The hook is so useless that the XAVT is equipped with two!

     The hook, as mentioned, debuted in 1991 on the backside of 91mm models that were equipped with scissors.  The hook is rated to hold up to approximately 220 pounds without breaking.  Pretty impressive for a small hook, but really, what good is it?  The facts are interesting, but not really all that helpful in deciding just what it does.  Fortunately, loyal SOSAK members are working around the clock and around the world to help find answers to these important questions and more!  

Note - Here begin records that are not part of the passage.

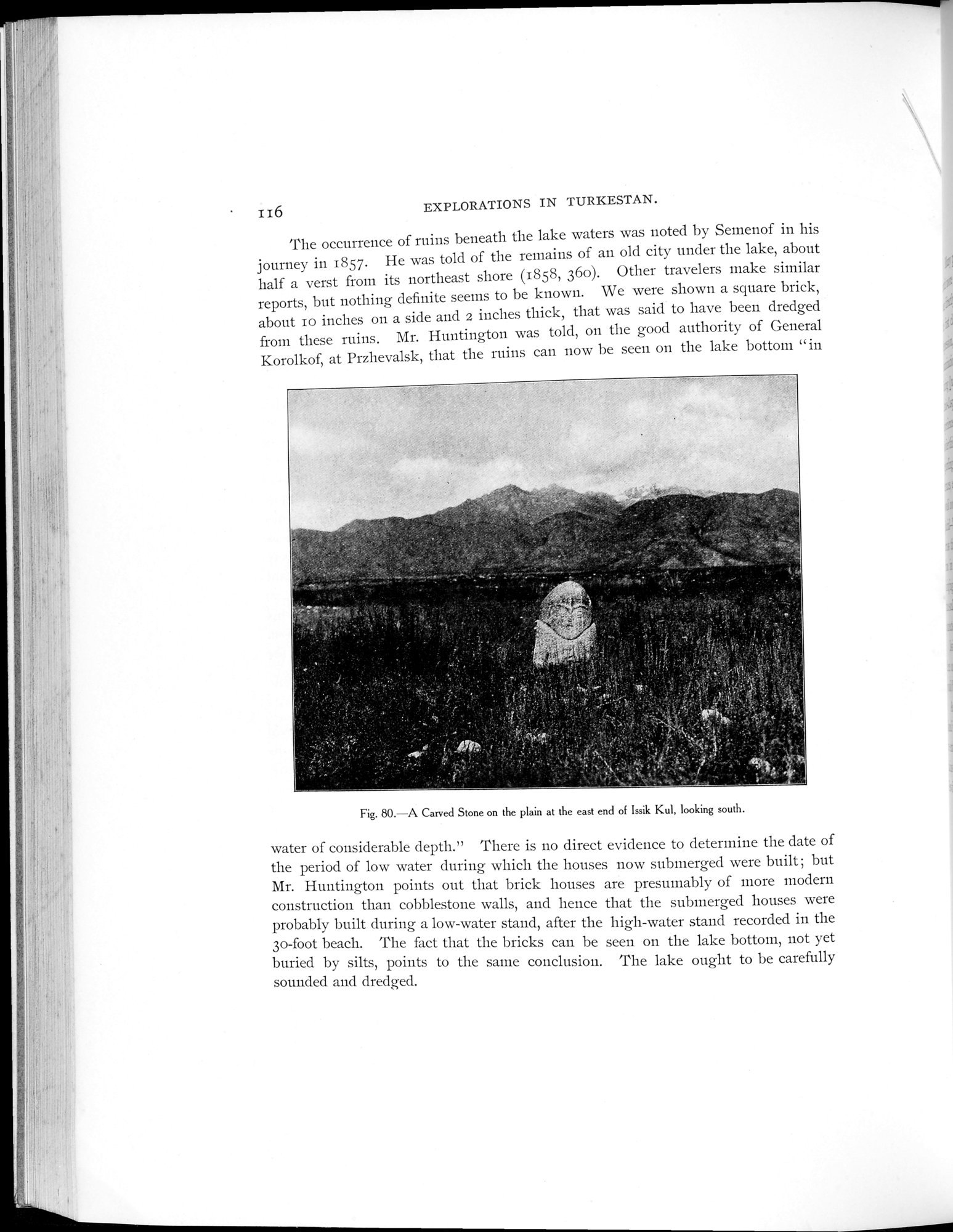 Explorations in Turkestan 1903 : vol.1 / 140 ページ（白黒高解像度画像）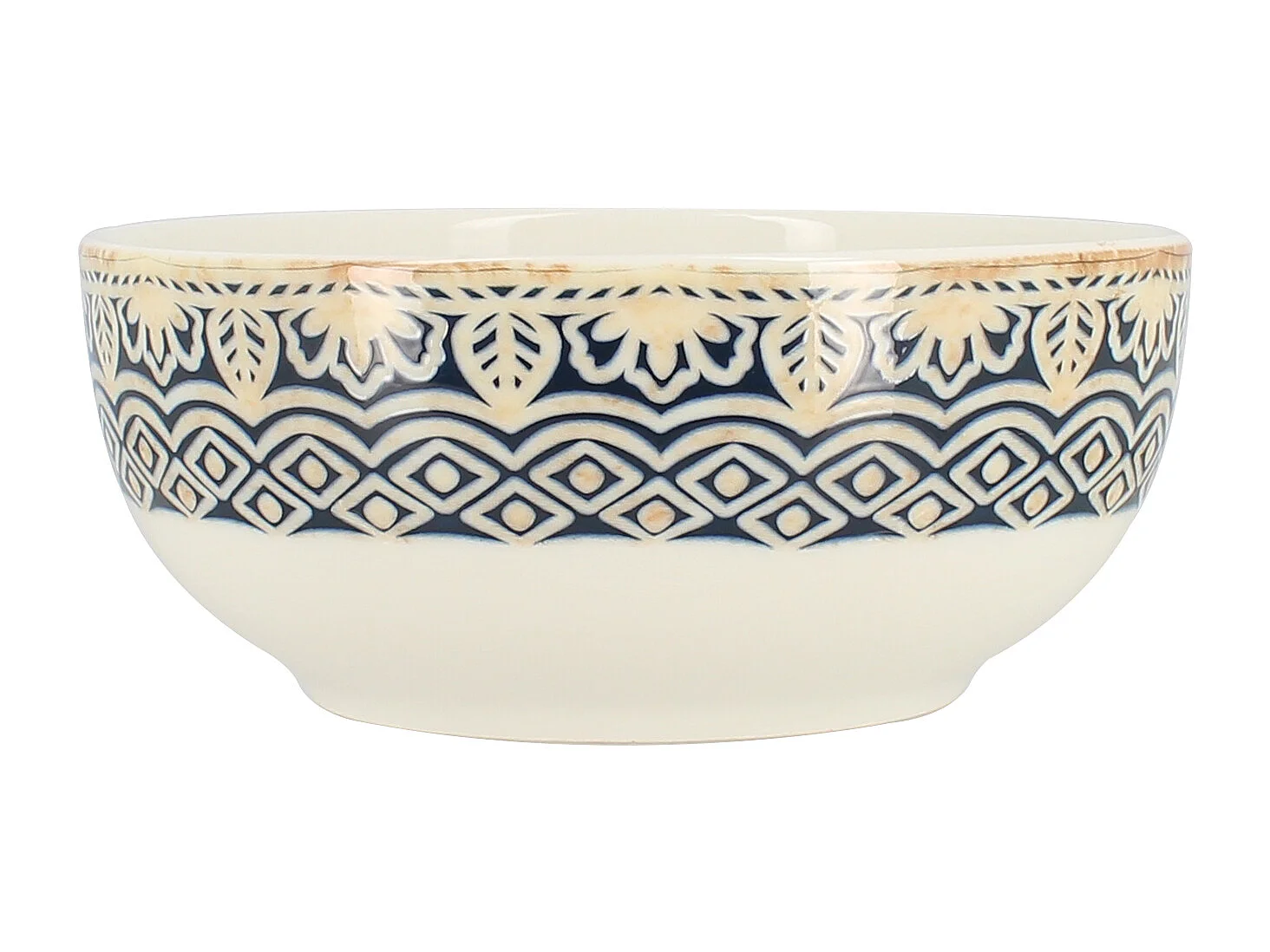 Novastyl - Lot 6 Coupelles Byzance 12cm En Porcelaine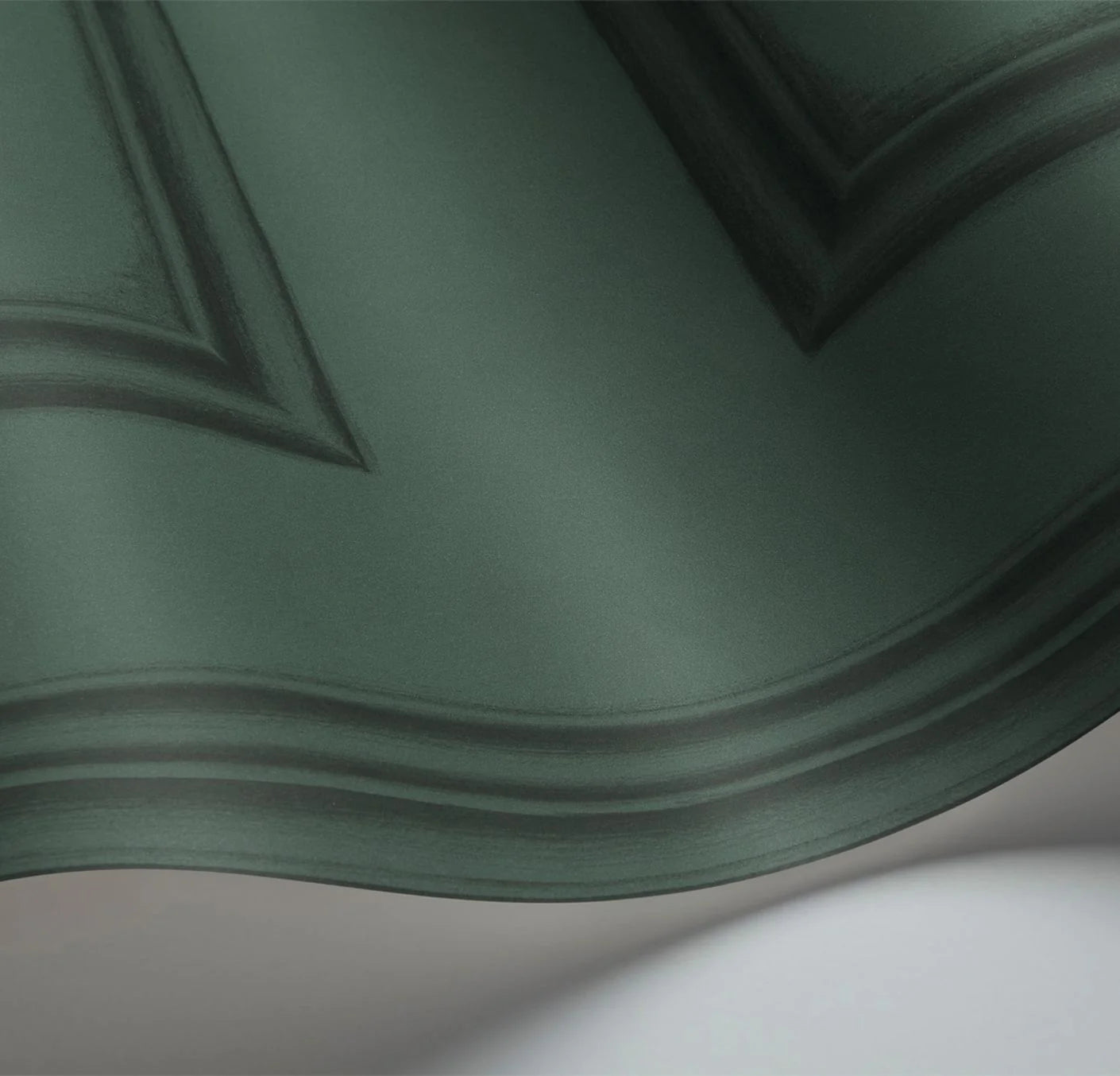 Cole & Son Historic Royal Palaces Library Frieze, Dark Viridian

    The idea behind the hook was originally for carrying packages tied in string or twine.  This is an interesting idea, especially as most places had changed to plastic bags long before 1991, and other than the odd package in the mail, no one really ties packages these days.  Or do they?  Perhaps not for consumer goods going to the end user, but all the things you buy individually have to come from somewhere.  Newspapers for example come bundled tightly by those nylon straps, as do catalogues and other printed items.  Many of them are bundled in quite large loads and carrying them by the straps are the only convenient way to do it, but those straps also dig into your hands terribly.  Enter the hook.

    Of course there are a limited number of folks who have to deal with that kind of thing, so why make it available on every knife?  Easy- that’s not all it’s good for!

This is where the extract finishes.